● **TASK ITEM**
Write out each entry again. Keep every word exactly as it is.

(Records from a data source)
○ ○ ○ ○ ○
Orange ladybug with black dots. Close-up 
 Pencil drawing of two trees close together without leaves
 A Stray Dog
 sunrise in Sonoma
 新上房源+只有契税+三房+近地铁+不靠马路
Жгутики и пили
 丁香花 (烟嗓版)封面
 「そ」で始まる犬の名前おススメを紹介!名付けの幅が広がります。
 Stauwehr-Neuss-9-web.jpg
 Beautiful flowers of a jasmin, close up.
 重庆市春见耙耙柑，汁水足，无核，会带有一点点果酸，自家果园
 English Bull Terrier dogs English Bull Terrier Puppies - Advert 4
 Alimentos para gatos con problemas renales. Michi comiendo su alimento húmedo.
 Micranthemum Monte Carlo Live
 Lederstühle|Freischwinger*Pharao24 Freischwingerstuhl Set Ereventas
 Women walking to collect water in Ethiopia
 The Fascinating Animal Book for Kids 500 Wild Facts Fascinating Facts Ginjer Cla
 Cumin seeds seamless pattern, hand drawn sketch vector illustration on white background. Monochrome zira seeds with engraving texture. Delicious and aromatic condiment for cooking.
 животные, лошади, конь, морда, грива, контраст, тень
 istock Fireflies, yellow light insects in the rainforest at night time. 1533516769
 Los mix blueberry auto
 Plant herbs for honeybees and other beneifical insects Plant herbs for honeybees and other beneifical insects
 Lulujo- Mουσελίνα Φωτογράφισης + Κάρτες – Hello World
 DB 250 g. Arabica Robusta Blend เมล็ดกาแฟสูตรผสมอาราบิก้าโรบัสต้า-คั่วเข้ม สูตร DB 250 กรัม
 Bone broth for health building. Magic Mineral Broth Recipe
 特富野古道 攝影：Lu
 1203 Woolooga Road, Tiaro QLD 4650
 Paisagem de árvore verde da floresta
○ ○ ○ ○ ○
● **RESPONSE TO THIS EXERCISE**
Orange ladybug with black dots. Close-up 
 Pencil drawing of two trees close together without leaves
 A Stray Dog
 sunrise in Sonoma
 新上房源+只有契税+三房+近地铁+不靠马路
Жгутики и пили
 丁香花 (烟嗓版)封面
 「そ」で始まる犬の名前おススメを紹介!名付けの幅が広がります。
 Stauwehr-Neuss-9-web.jpg
 Beautiful flowers of a jasmin, close up.
 重庆市春见耙耙柑，汁水足，无核，会带有一点点果酸，自家果园
 English Bull Terrier dogs English Bull Terrier Puppies - Advert 4
 Alimentos para gatos con problemas renales. Michi comiendo su alimento húmedo.
 Micranthemum Monte Carlo Live
 Lederstühle|Freischwinger*Pharao24 Freischwingerstuhl Set Ereventas
 Women walking to collect water in Ethiopia
 The Fascinating Animal Book for Kids 500 Wild Facts Fascinating Facts Ginjer Cla
 Cumin seeds seamless pattern, hand drawn sketch vector illustration on white background. Monochrome zira seeds with engraving texture. Delicious and aromatic condiment for cooking.
 животные, лошади, конь, морда, грива, контраст, тень
 istock Fireflies, yellow light insects in the rainforest at night time. 1533516769
 Los mix blueberry auto
 Plant herbs for honeybees and other beneifical insects Plant herbs for honeybees and other beneifical insects
 Lulujo- Mουσελίνα Φωτογράφισης + Κάρτες – Hello World
 DB 250 g. Arabica Robusta Blend เมล็ดกาแฟสูตรผสมอาราบิก้าโรบัสต้า-คั่วเข้ม สูตร DB 250 กรัม
 Bone broth for health building. Magic Mineral Broth Recipe
 特富野古道 攝影：Lu
 1203 Woolooga Road, Tiaro QLD 4650
 Paisagem de árvore verde da floresta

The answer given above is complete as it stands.